Em abril de 2022, a Folha de S.Paulo mostrou que o governo Jair Bolsonaro (PL) repassou R$ 26 milhões para sete municípios alagoanos adquirirem kits de robótica. As cidades tinham contratos com uma empresa, a Megalic, cujos donos são aliados do presidente da Câmara.
O jornal revelou à época indícios de fraudes nas licitações dos municípios para a compra dos kits, adquiridos com dinheiro de emendas de relator parte do orçamento comandado por Lira. Também mostrou que a Megalic pagou R$ 2.700 pelos equipamentos e os vendeu por R$ 14 mil a empresa nega irregularidades.
Foi com base nessas reportagens que a Polícia Federal iniciou uma investigação anulada, posteriormente, pelo ministro Gilmar Mendes, do STF (Supremo Tribunal Federal). Os investigadores chegaram a supostos operadores e ao assessor de Lira por meio de rastreio de valores e suspeitos.

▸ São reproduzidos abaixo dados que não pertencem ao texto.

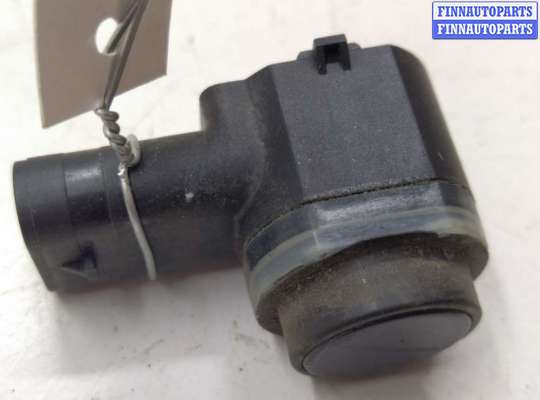 купить Парктроник задний на Volkswagen Passat B7 (362,365) 2010 - 2015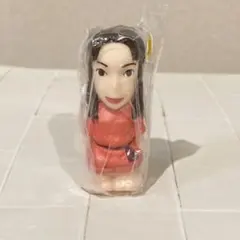 2025年最新】千と千尋の神隠し 指人形の人気アイテム - メルカリ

Um dos alvos foi o policial e empresário Murilo Sergio Juca Nogueira Junior. A PF identificou uma série de transações dele com a Megalic e, no escritório dele, foi encontrado um cofre com cerca de R$ 4 milhões.

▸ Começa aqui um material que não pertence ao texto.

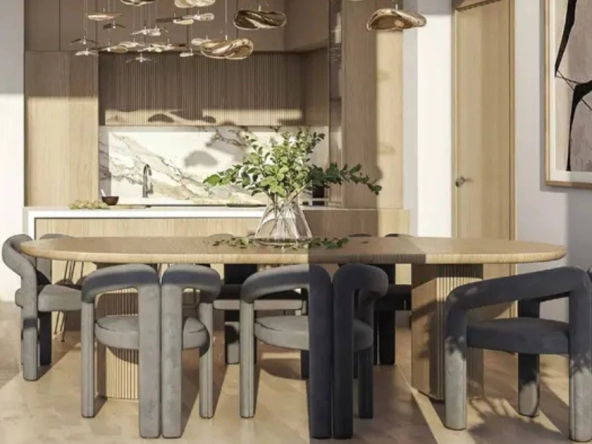 TAIYO-Residences-at-Wasl-Gate-by-LMD-Investments-10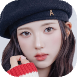 Jiwoo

Relatórios do Coaf (Conselho de Controle de Atividades Financeiras) obtidos pela reportagem, e que integram outra investigação (Operação Face Oculta), indicam que o advogado Luiz Maurício fez transações com Nogueira Junior.
O advogado de Lira repassou R$ 50 mil ao empresário e policial. As movimentações ocorreram de dezembro de 2021 a novembro 2022, parte do período investigado pela PF no caso dos kits de robótica.

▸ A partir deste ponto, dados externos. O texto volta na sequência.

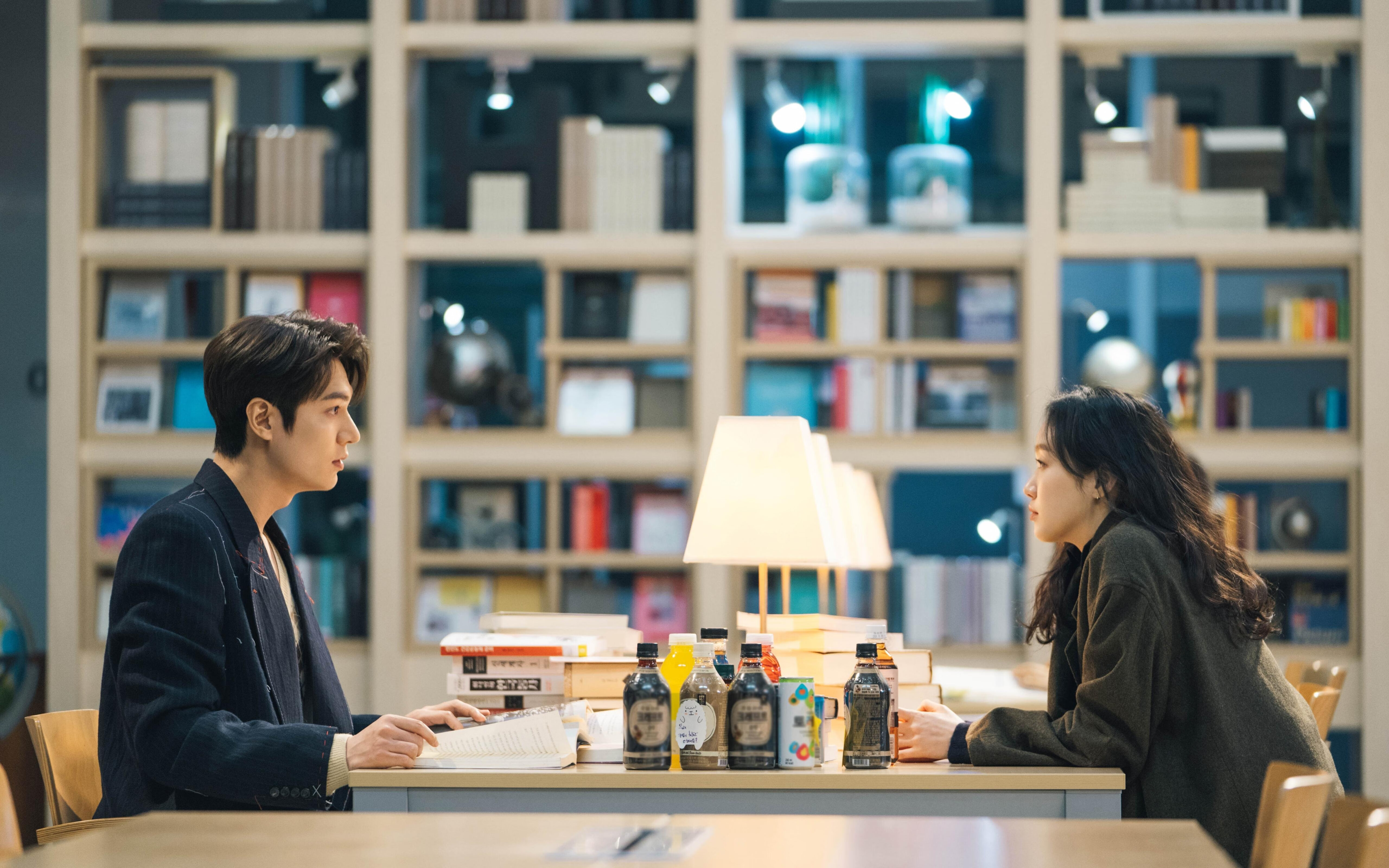 校园足球冬训营开设专项体能课程,校园足球冬训营开设专项体能课程有哪些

Questionado sobre a transação, Luiz Maurício disse que é amigo pessoal de Nogueira Junior e que a transferência se refere ao pagamento de um empréstimo pessoal. Ele disse não se lembrar de quando tomou esse empréstimo.
O advogado disse que ainda defende Lira em dois processos de questões cíveis. Afirmou que a consultoria da presidência “é um órgão consultivo e multifacetado” e que atua em “diversos temas inerentes à atividade do banco”.
O escritório de advocacia do agora funcionário da Caixa está registrado no mesmo endereço de uma consultoria em nome de Luciano Cavalcante, ex-assessor de Lira também investigado no caso dos kits. O sócio de Luciano nesta empresa, por sua vez, é o presidente interino da Caixa Asset: Heitor Souza Cunha a coincidência de endereços foi revelada em reportagem da Agência Pública.
À Agência Pública o advogado disse que Luciano é seu amigo de muitos anos e que as duas empresas apenas dividem o mesmo imóvel, em Brasília, sem nenhuma relação.
A reportagem também procurou a defesa de Luciano Cavalcante e não teve resposta.
Gilmar Mendes suspendeu o inquérito policial sobre a compra de kits de robótica ao concordar com argumento de Lira de que a PF teria desrespeitado seu foro especial no andamento do caso.
O ministro disse que a polícia instaurou investigação a partir de notícia jornalística “que expressamente sugeria o envolvimento de parlamentar federal em suposto esquema de malversação de recursos públicos”.
Em agosto de 2023, Gilmar anulou todas as provas colhidas e determinou a devolução de bens apreendidos, como automóveis e computadores.
As investigações da PF haviam seguido por mais de oito meses antes de chegar a uma pessoa relacionada ao presidente da Câmara. O nome de Lira só apareceu na investigação com a deflagração da operação policial em junho de 2023, ocasião em que os policiais encontraram uma lista com pagamentos atribuídos a ele.
No mesmo mês, a polícia remeteu o caso ao STF por causa do foro.
No mês passado, a Segunda Turma do STF se manifestou contra pedidos feitos por investigados, como Murilo Nogueira Junior e Luciano Cavalcante, para resgatar parte dos valores encontrados pela PF no cofre e em malas durante as investigações.
De acordo com os ministros, há dúvidas sobre a origem lícita do dinheiro, apesar de a investigação ter sido anulada por Gilmar.
Segundo funcionários da Caixa, consultores da presidência, como é o caso do advogado de Lira, recebem cerca de R$ 40 mil por mês. A reportagem perguntou à empresa o valor do salário, mas não houve resposta.
A Caixa informou que o cargo ocupado por Luiz Maurício “tem como principais atribuições a avaliação de aspectos estratégicos, técnicos e legais relacionados aos processos, produtos e serviços do banco, e o acompanhamento do cenário político, econômico, social, tecnológico e cultural para auxiliar a alta gestão na tomada de decisões”.